Lightning strikes have started 8 new fires in Victoria and firefighters are still battling three major blazes burning out of control. Overnight storms failed to ease the situation, where rain doused some flames and strong winds fanned other outbreaks. Meanwhile more reinforcements have been called from interstate, to help fight the fires.and more than 500 New South Wales firefighters have joined their Victorian colleagues to fight the bushfire emergency in that state.
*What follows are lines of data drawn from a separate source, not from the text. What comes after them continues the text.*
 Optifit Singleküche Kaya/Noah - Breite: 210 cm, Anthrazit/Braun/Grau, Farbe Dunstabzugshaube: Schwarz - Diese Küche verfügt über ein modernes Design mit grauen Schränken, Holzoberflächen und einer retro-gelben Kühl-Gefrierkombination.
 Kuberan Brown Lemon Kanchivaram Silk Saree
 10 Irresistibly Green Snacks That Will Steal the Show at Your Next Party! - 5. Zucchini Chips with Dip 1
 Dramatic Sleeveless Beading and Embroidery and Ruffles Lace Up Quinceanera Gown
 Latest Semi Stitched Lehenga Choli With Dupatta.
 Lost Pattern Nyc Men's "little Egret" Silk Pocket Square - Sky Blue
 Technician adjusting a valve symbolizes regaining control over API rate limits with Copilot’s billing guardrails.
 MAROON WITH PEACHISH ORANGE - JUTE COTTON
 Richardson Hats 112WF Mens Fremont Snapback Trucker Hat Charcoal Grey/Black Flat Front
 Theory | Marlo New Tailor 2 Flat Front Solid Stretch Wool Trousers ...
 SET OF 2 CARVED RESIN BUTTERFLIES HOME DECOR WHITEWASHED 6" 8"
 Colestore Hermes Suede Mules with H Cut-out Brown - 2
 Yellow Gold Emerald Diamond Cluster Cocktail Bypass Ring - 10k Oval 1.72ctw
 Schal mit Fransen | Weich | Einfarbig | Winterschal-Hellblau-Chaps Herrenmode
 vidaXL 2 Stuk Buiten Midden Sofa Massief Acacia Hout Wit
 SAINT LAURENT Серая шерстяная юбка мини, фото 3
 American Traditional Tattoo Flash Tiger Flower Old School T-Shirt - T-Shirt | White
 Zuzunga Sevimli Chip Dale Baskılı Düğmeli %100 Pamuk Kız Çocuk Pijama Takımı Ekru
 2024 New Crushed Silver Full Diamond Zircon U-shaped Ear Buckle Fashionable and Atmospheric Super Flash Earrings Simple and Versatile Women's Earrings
None of the fires is posing a threat to homes, but bushfires at the Grampians in the state's west, at Moondarra in Gippsland and at Kinglake north-east of Melbourne are yet to be brought under control. Hundreds of volunteer firecrews from around the state battled the fires in conditions of 40+ degrees, while vicious winds whipped the fires through forests and grasslands, changing fronts and making the job of predicting the fires' path very difficult.
So far two fatalities have been recorded, with the bodies of two people recovered near Ararat. Thousands of homes have come under direct threat, and weather forecasts indicate there will be little respite for firecrews across the state as they work to contain and extinguish hotspots and flareups.
The Moondarra fires in Gippsland threatened Yallourn North on Sunday 22nd of January causing millions of dollars damage to pine and eucalypt plantations. The dense, hilly terrain of the Brisbane Ranges, roughly 40km south east from Ballarat, is normally notable for one distinguishing feature; massive eucalypt trees as far as the eye can see, providing one of Victoria's best environments for koalas as well as one of the richest diversities of wildflowers. After weekend lightning strikes ignited massive bushfires, nearly 6,000 hectares of land are now blackened, with a relatively small number of homes destroyed.